What you have to do: From the entries that follow, reproduce exactly and only the lines from the line with "PROTEINA C REACTIVA" to the line with "10 Best Antivirus", endpoints included.

Material for this task:
________________________________________

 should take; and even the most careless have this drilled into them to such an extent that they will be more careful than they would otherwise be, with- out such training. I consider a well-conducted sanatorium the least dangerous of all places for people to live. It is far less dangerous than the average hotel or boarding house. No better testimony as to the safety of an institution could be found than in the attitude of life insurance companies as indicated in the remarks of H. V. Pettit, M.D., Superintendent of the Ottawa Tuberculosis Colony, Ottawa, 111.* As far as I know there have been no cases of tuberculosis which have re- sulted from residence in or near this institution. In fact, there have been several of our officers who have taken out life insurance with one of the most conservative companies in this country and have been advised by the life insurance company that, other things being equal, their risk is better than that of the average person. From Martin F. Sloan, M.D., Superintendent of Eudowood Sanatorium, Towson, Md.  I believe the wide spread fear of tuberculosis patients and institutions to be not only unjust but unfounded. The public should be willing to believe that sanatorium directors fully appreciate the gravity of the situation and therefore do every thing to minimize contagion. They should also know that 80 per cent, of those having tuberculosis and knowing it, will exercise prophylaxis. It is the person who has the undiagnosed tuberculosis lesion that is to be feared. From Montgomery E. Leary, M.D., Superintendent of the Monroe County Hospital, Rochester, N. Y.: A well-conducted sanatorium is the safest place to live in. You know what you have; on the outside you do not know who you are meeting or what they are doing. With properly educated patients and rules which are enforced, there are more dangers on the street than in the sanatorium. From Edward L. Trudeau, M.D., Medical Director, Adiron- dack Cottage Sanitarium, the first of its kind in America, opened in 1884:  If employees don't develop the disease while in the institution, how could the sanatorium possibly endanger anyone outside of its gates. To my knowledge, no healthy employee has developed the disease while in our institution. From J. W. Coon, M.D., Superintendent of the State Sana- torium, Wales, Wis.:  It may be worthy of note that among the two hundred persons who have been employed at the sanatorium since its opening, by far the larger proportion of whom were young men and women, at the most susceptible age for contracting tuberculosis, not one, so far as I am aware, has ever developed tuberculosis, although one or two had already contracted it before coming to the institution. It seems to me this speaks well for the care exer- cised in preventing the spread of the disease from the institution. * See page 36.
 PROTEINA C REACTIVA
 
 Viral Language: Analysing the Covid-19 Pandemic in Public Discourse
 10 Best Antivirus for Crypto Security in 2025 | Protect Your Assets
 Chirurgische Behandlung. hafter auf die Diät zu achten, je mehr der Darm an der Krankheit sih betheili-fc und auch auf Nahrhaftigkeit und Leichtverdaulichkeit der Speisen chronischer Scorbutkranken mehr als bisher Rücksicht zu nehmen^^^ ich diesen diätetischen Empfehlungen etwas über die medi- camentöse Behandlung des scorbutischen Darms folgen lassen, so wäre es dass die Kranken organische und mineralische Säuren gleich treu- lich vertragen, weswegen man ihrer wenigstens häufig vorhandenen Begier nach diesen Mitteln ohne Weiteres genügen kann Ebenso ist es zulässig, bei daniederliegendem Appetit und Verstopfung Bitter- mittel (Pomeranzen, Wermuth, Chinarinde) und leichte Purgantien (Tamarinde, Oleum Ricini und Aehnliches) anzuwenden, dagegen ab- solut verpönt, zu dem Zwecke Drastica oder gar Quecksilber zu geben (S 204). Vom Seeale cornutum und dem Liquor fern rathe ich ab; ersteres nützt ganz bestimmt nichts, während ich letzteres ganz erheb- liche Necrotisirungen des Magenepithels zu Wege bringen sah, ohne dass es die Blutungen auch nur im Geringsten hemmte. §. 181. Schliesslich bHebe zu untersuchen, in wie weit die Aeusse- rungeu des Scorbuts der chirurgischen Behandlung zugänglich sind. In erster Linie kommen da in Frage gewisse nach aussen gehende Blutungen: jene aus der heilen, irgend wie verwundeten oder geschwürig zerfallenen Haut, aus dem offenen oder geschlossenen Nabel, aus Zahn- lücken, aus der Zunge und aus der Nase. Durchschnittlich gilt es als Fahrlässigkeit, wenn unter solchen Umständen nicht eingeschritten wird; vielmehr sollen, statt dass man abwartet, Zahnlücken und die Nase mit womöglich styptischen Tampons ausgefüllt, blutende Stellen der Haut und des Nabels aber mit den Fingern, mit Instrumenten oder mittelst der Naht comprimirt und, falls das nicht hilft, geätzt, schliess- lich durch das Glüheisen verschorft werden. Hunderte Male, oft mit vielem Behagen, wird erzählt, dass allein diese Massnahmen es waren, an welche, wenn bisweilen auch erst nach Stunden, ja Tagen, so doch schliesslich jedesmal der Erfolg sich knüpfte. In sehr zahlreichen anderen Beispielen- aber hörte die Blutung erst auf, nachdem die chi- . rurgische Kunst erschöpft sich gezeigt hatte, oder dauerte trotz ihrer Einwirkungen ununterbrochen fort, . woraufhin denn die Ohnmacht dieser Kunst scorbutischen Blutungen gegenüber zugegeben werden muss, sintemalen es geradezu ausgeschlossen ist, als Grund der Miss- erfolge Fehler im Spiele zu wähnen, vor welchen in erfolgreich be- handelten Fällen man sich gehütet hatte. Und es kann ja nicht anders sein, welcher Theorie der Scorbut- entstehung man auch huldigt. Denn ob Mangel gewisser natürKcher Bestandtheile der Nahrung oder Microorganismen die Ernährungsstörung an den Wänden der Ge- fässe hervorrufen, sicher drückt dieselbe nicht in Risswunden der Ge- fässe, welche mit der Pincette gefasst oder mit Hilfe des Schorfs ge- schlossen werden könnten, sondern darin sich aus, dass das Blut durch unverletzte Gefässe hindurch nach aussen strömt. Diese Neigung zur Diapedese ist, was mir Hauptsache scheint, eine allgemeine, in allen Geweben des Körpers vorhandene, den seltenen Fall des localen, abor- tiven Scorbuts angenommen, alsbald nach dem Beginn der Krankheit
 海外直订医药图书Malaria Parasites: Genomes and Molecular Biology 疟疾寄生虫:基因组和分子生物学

________________________________________

Your response:
 PROTEINA C REACTIVA
 
 Viral Language: Analysing the Covid-19 Pandemic in Public Discourse
 10 Best Antivirus for Crypto Security in 2025 | Protect Your Assets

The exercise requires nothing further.